In the Latvian capital Riga, a monument to soldiers from the Soviet Union who liberated the city from Nazi Germany’s troops will soon be dismantled. The Riga City Parliament made such a decision back in mid-May after celebrating the end of World War II. On May 9, local Russians, for whom this day has a special meaning, clashed with police who tried to prevent the commemoration. The country’s leadership sees the day and the monument as no more important. The Latvian authorities, led by President Egils Levits, consider the monument a “thorn in the side of Latvians”.
Relations between Russia and Latvia have always been uneasy, but it cannot be said that they have been reduced to negative events only. Once upon a time, the Latvian national consciousness itself was cultivated in the Russian Empire as a counterbalance to the influence of the Baltic Germans. After the Bolsheviks came into power, they promoted Latvia’s first independence, but in 1940 it was the USSR that suspended it and incorporated the country as a union republic. Latvia was one of the richest and most comfortable parts of the Soviet Union, which did not cancel the aspirations of Latvians for a new independence, which they realized in 1991.
Almost 30% of the Russian population have always caused tension with the authorities, who generally represented the interests of ethnic Latvians. On the one hand, one could understand the state’s fears and phobias of the “Soviet past”, so demands for cultural and linguistic assimilation had grounds. On the other hand, ethnic diversity has always been important in Europe, and the EU leadership was wary of such actions by Latvia. It can be said that now, during the confrontation between Russia and Ukraine, the Latvian authorities have gained a trump card in their conflict with the Russian community and will use it. At first glance, the Russian-Latvian confrontation seems to have little to do with the people of other EU countries, but it affects the very mental foundations of European unity.
The monument of the soldiers who fought against Nazism is a symbol of the victory of democratic values and freedom over an inhuman dictatorship, and only secondarily a symbol of Russian national pride. When it comes to EU ideology and values, they are clearly the opposite of the selfish ethnic nationalism that drove the European nations into the abyss of World War II. The denazification that took place in Germany and Austria after 1945 broadly affected all countries in Western, Southern and Northern Europe. It created the conditions for EU citizens to perceive themselves primarily as Europeans, and only secondarily as residents of their own countries. To some extent, this was a sacrifice of national pride in the name of peace and unity.

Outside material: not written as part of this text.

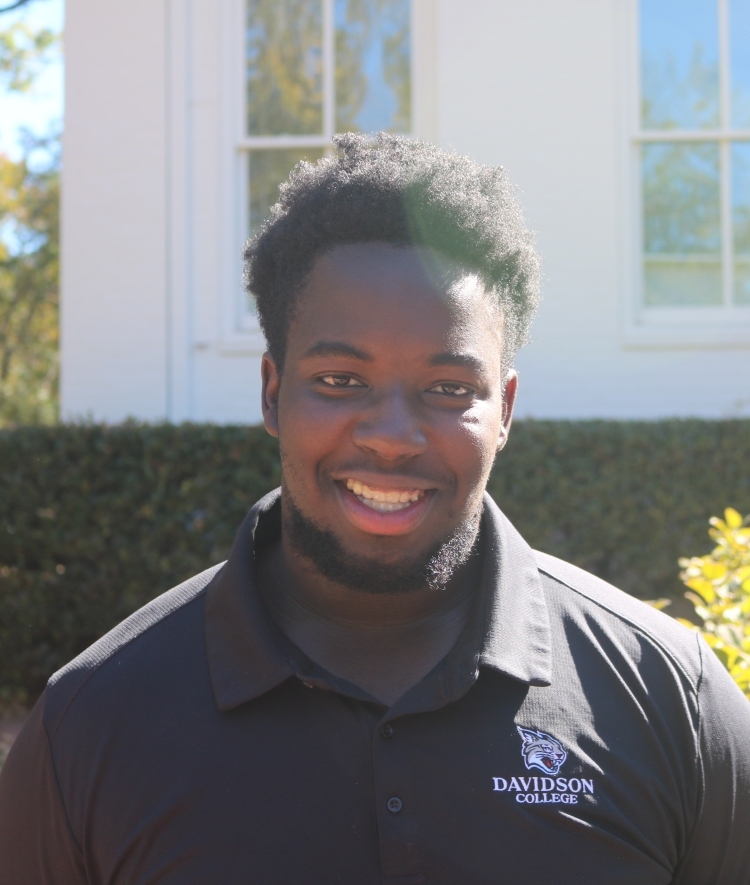 a young Black man wearing a black collared shirt smiling outside on a sunny day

A lot was turned upside down after 1991, when the European Union was gradually absorbed by former Warsaw Pact and USSR countries which had not undergone this kind of transformation and were not willing to make such sacrifices. They wanted all the economic benefits, but not the mental price. The authorities of Latvia, as well as Lithuania and Estonia, are trying under the cover of “Russian threat” to make the fighters of SS divisions of 40th of XX century heroes, who for them are fighters for independence. And this is a blatant blow to the values that the French or Germans live by. Many European countries, such as Denmark or Belgium, had their own SS divisions, but there is no such perception or maniacal desire to fight with monuments or statues.
Another blow, along with the promotion of the ideology of regional nationalism against which the EU was founded, was the dominance of double standards, generating glaring injustice. Many opponents of the European Union draw parallels between it and the USSR. The Soviet Union collapsed when each republic within it began to live by its own rules, and it split into “privileged” and “losers”. Germans are told that even the most harmless manifestations of national identity are harmful and malicious, and the most moderate conservatives are branded “fascists”. But if you are Polish or Latvian, you can safely revere far-right politicians or the military of the past and believe that this makes you a true “European”. Such behaviour also divides Europeans into “special” and “humiliated”. Some build their nation states while others pay for it, while their own culture is condemned to oblivion and destruction. Perhaps for the sake of a greater and united Europe such sacrifices are justified, but only if the rules are the same for all. Otherwise, the future of the EU is extremely dim. And it all starts with destroyed monuments to Soviet soldiers somewhere in distant and small Latvia.